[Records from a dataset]
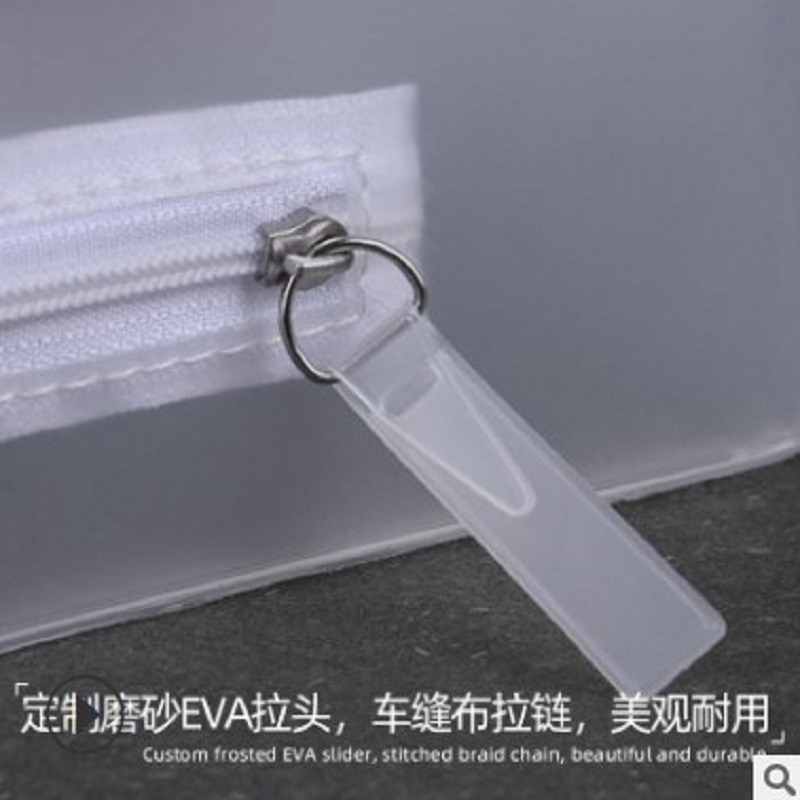 EVA透明拉鏈立體袋pvc袋定製化妝品小樣包裝袋分裝收納袋子禮品袋-細節圖4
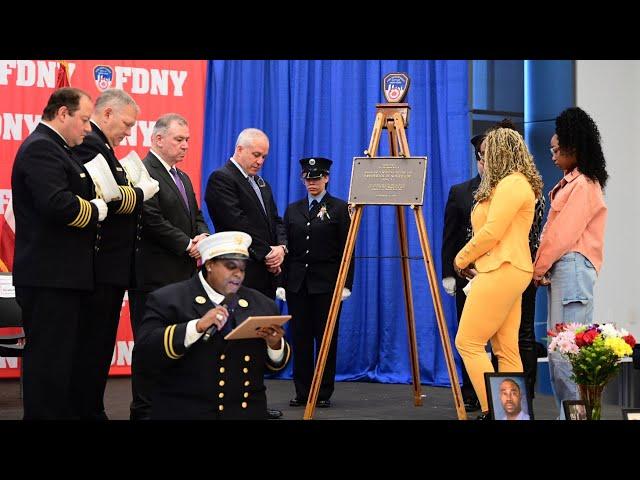 Line of Duty Plaque Dedication for EMT Frederick D. Whiteside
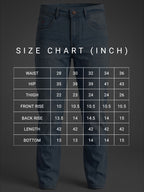 Panasonic Heritage Fit Glacier Indigo Mid Rise Faded Jeans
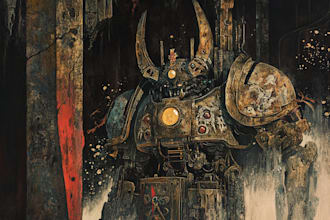 make your favorite warhammer character illustration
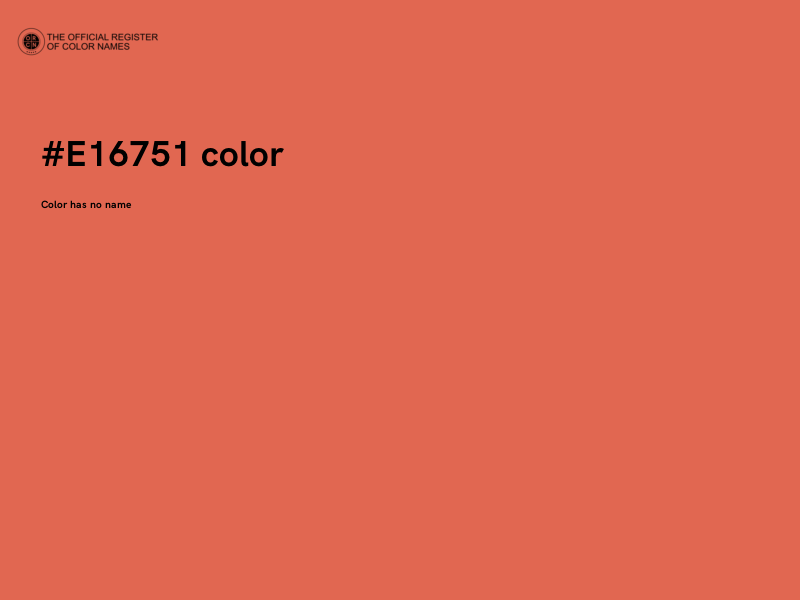 #E16751 color image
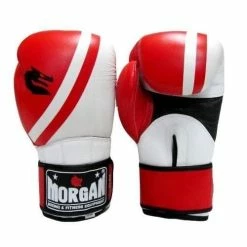 Musclemania-fitness MORGAN V2 PROFESSIONAL LEATHER BOXING GLOVES (10 -12 -14 -16oz) MMA COMBAT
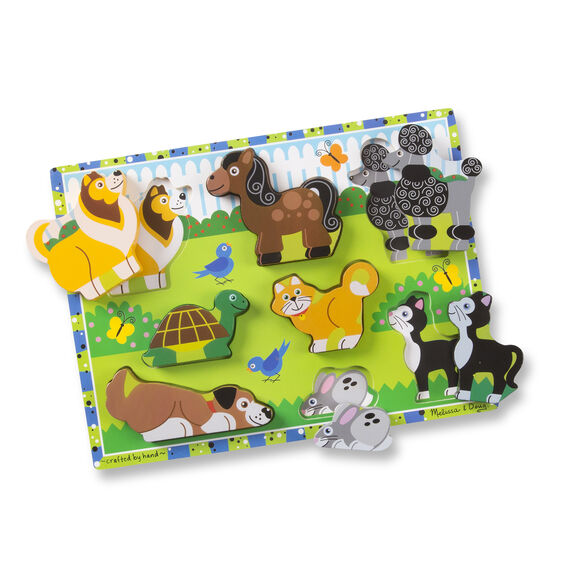 3724 Melissa & Doug Chunky Puzzle - Pets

Instructions for the task –
Reproduce exactly the lines above from the one with "Panasonic Heritage Fit" through the last line of the data, keeping both ends and dropping the pictures.

Written answer –
 Panasonic Heritage Fit Glacier Indigo Mid Rise Faded Jeans
 make your favorite warhammer character illustration
 #E16751 color image
 Musclemania-fitness MORGAN V2 PROFESSIONAL LEATHER BOXING GLOVES (10 -12 -14 -16oz) MMA COMBAT
 3724 Melissa & Doug Chunky Puzzle - Pets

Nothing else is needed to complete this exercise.